The CalcEngine class implements an expression cache that handles this automatically. The CalcEngine.Evaluate method looks up the expression in the cache before trying to parse it. The cache is based on WeakReference objects, so unused expressions eventually get removed from the cache by the .NET garbage collector. (This technique is also used in the NCalc library.)

Expression caching can be turned off by setting the CalcEngine.CacheExpressions property to false.

Expression optimization

After a string has been parsed, the resulting expression can sometimes be optimized by replacing parts of the expression that refer only to constant values. For example, consider the expression:

{ 4 * (4 * ATAN(1/5.0) - ATAN(1/239.0)) + A + B }

This expression contains several constants and functions of constants. It can be simplified to:

{ 3.141592654 + A + B }

This second expression is equivalent to the first, but can be evaluated much faster.

Expression simplification was surprisingly easy to implement. It consists of a virtual Expression.Optimize method that is called immediately after an expression is parsed.

The base Expression class provides an Optimize method that does nothing:

class BinaryExpression : Expression
{
    public virtual Expression Optimize()
    {
        return this;
    }
    ...

This simply allows all derived classes that derive from Expression to implement their own optimization strategy.

For example, the BinaryExpression class implements the Optimize method as follows:

class BinaryExpression : Expression
{
    public override Expression Optimize()
    {
        _lft = _lft.Optimize();
        _rgt = _rgt.Optimize();
        return _lft._token.Type == TKTYPE.LITERAL &&
               _rgt._token.Type == TKTYPE.LITERAL
            ? new Expression(this.Evaluate())
            : this;
    }
    ...

The method calls the Optimize method on each of the two operand expressions. If the resulting optimized expressions are both literal values, then the method calculates the result (which is a constant) and returns a literal expression that represents the result.

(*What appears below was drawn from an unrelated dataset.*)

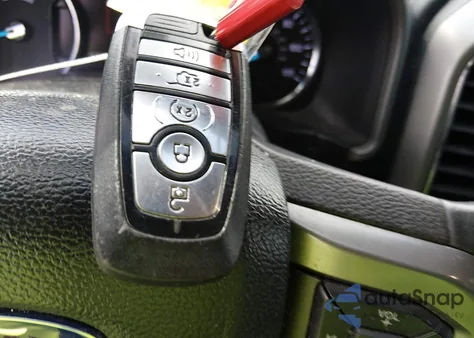 2021 Ford Expedition Xlt z USA, uszkodzony, nr VIN 1FMJU1HT2MEA33115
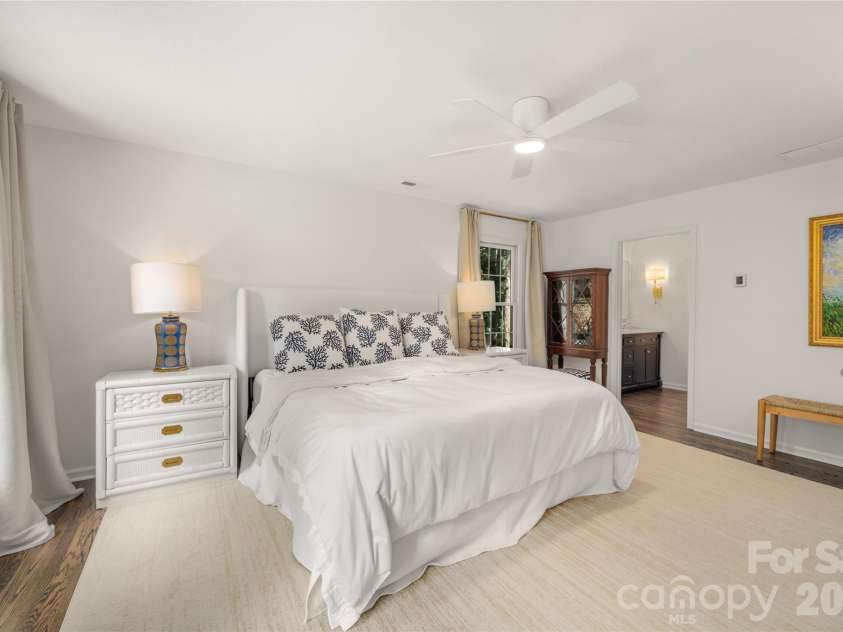 167 Skyview Circle, Asheville, NC 28804.  MLS# CAR4413125, YatesRealty ID 45393.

To illustrate further, function call expressions are optimized as follows:

class FunctionExpression : Expression
{
    public override Expression Optimize()
    {
        bool allLits = true;
        if (_parms != null)
        {
            for (int i = 0; i < _parms.Count; i++)
            {
                var p = _parms[i].Optimize();
                _parms[i] = p;
                if (p._token.Type != TKTYPE.LITERAL)
                {
                    allLits = false;
                }
            }
        }
        return allLits
            ? new Expression(this.Evaluate())
            : this;
    }
    ...

First, all parameters are optimized. Next, if all optimized parameters are literals, the function call itself is replaced with a literal expression that represents the result.

Expression optimization reduces evaluation time at the expense of a slight increase in parse time. It can be turned off by setting the CalcEngine.OptimizeExpressions property to false.

Globalization

The CalcEngine class has a CultureInfo property that allows you to define how the engine should parse numbers and dates in expressions.

By default, the CalcEngine.CultureInfo property is set to CultureInfo.CurrentCulture, which causes it to use the settings selected by the user for parsing numbers and dates. In English systems, numbers and dates look like "123.456" and "12/31/2011". In German or Spanish systems, numbers and dates look like "123,456" and "31/12/2011". This is the behavior used by Microsoft Excel.

If you prefer to use expressions that look the same on all systems, you can set the CalcEngine.CultureInfo property to CultureInfo.InvariantCulture for example, or to whatever your favorite culture happens to be.

Sample: A DataGridView control with formula support

The sample included with this article shows how the CalcEngine class can be used to extend the standard Microsoft DataGridView control to support Excel-style formulas. The image at the start of the article shows the sample in action.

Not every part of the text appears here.